**Provided data:**
=== Section Start ===

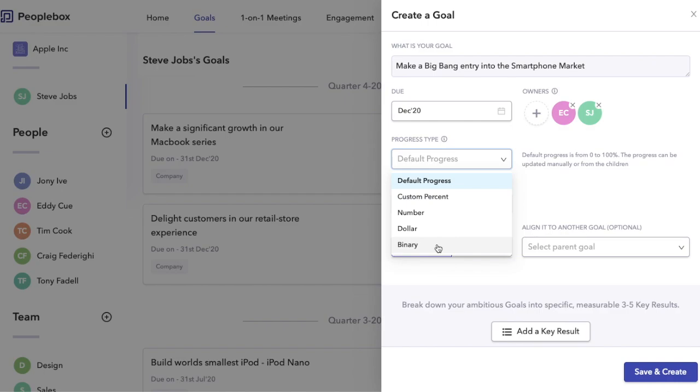Finally, we have a binary goal. This is a simple whether this goal is done or not. This is best suited for, say, you want to launch a product or you want to hire someone. These sorts of goals are best suited for binary goals.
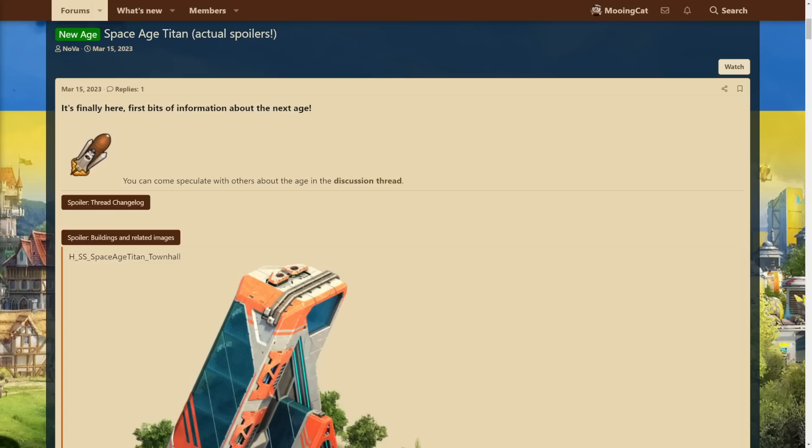Hello, my name is Mooncat and welcome to some very fun spoilers. We finally have a decent amount of stuff to talk about in Space Age Titan, so I think it's finally time to make a dedicated video on all the spoilers we have so far, the early speculation, to see what this new age might bring.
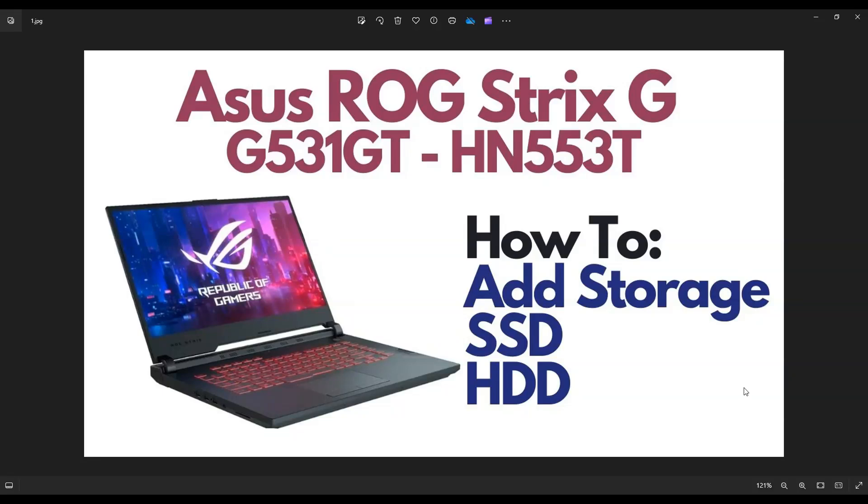In this video, I have an ASUS ROG Strix G-Series gaming laptop. The exact model that I'm using is on your screen. It's one of the G531 GT Series. I'm going to show you how you can add an additional solid state drive or hard drive to this computer. There is a place where you can add an additional SATA 2.5 inch drive.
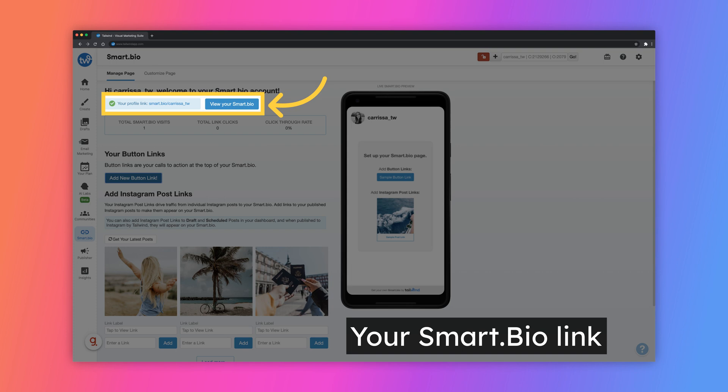If you need to change your Smart Bio link, you can contact our customer support team at help at tailwindapp.com.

=== Section End ===

**Work item:**
Without copying any picture, write out all of the material exactly as it reads.

**Your response:**
Finally, we have a binary goal. This is a simple whether this goal is done or not. This is best suited for, say, you want to launch a product or you want to hire someone. These sorts of goals are best suited for binary goals.
Hello, my name is Mooncat and welcome to some very fun spoilers. We finally have a decent amount of stuff to talk about in Space Age Titan, so I think it's finally time to make a dedicated video on all the spoilers we have so far, the early speculation, to see what this new age might bring.
In this video, I have an ASUS ROG Strix G-Series gaming laptop. The exact model that I'm using is on your screen. It's one of the G531 GT Series. I'm going to show you how you can add an additional solid state drive or hard drive to this computer. There is a place where you can add an additional SATA 2.5 inch drive.
If you need to change your Smart Bio link, you can contact our customer support team at help at tailwindapp.com.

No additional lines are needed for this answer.